Always a good day when a skemble build gets posted. +1 as always.

  • 57 months ago
  • 1 point

Haha thanks dawg ;)

How dare someone downvote a compliment on my build.

  • 57 months ago
  • 1 point

Do Photoshop rigs need graphics cards for rendering etc?

  • 57 months ago
  • 1 point

Hi Sam!

My name is Tucker and I am 16 years old, and your builds have made my love for computers even stronger! I just got done looking through your past builds.. I knew I had to comment especially when I saw the 4130 build. I love the i3 chips, they are such fantastic little processors, and I will be putting one in my first build most likely a 4150. I am truly inspired by your love of computers and you are doing everything I wish I could. I want to go into the IT field or open a computer shop after college, or just build pc's for people on the side. It's something I've dreamed of doing, but alas I am a broke high schooler with even broker parents, and rarely ever have money :/. I hope one day to be even be a tenth of the builder you are, it is so inspiring. Also your girlfriend is super talented with her paint jobs, and I love her custom build!

  • 57 months ago
  • 1 point

Thank you so much Diox! I'm so glad I can help and inspire you. I started very small, though still very small, I try to make my work as professional as possible, each and every time. That has been a key thing in attracting future clients. The way I see it, you either do something to the best of your ability or not at all. Build computers for family members. They already have your trust, hopefully, and are likely to give you some extra compensation for the job. I will pass on the compliments to my lady friend!

  • 57 months ago
  • 1 point

I told my parent's the next computer they get they should let me build it (; cause you know pre builts are over priced and I can make something of higher and better quality. The number of hours I have spent on here is probably in the hundreds or thousands, and I have never been this impressed or had my jaw hit the floor this hard per say. Such gorgeous pictures, I had to wipe up a drool puddle next to me! (sorry mom!). I've been trying to expand my ideas and talked to some family members and neighbors but to no avail.

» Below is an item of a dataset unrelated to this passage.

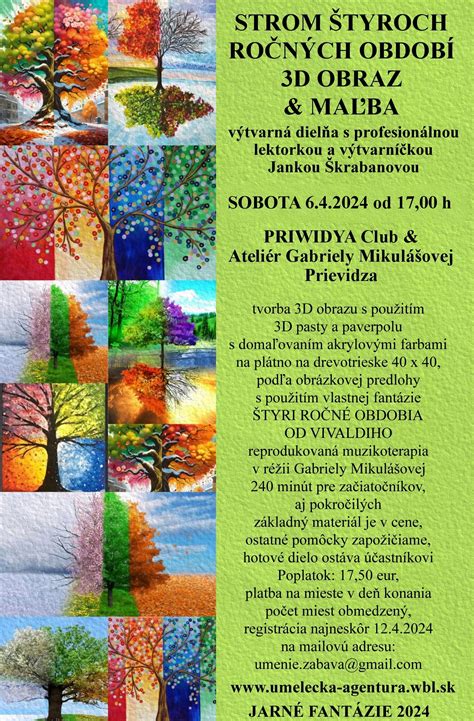 Kolotoč ročných období s priradenými elementami a farbami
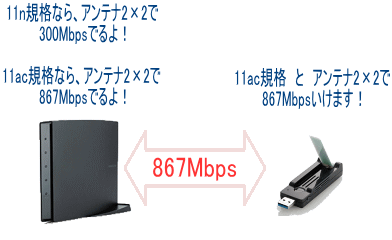 IEEE802.11aｃ（draft）利用時の理論値最大速度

I've been applying everwhere in my town (it's a small town of 3500 people).. Thank for all these fantastic builds!

  • 57 months ago
  • 1 point

I hope they don't log hours. I would be embarrassed to see how many I have on here. Haha I'm glad you like my stuff. I spend a lot of time on these builds and it's nice to hear good things. I live in a town of about 1,100 people so I know exactly how you feel about the small town life.

  • 57 months ago
  • 1 point

I would confidently say I have as many hours as my favorite childhood game, and one that I'm playing again.. runescape lol. Although that game I must have 5,000+ hours into. Back in the summer of 2008 I played about everyday for about 12-18 hours sometimes. . and now I'm playing again lol. Still my favorite game xD.

  • 57 months ago
  • 1 point

I played that game a lot when I was your age. Back then it was still fairly "classic". It has changed a lot since, not always for the better.

  • 57 months ago
  • 1 point

I really want to like this build with the great pictures (and great builder), but I honestly feel as if a lot more could be done for the price. For example:

  • The Xeon e3-1231 v3 would have been perfect. I know you said you wanted to avoid Xeons for compatibility issues, but for a consumer marketed Xeon what kind of compatibility issues could you possibly run into? It's essentially a downclocked i7-4790 which supports ECC memory.
  • Why the z97 board with a locked processor? An H97 board would have fit specifications perfectly. I guess you could argue that it is more futureproof, being able to overclock, but then why the Lian Li case choice? Not many high-performance CPU coolers fit in that case.
  • Why a 430w semi-modular PSU for 70$? There are plenty of cheaper semi-modular PSUs, which have more wattage and are from larger manufacturers, such as Corsair or EVGA.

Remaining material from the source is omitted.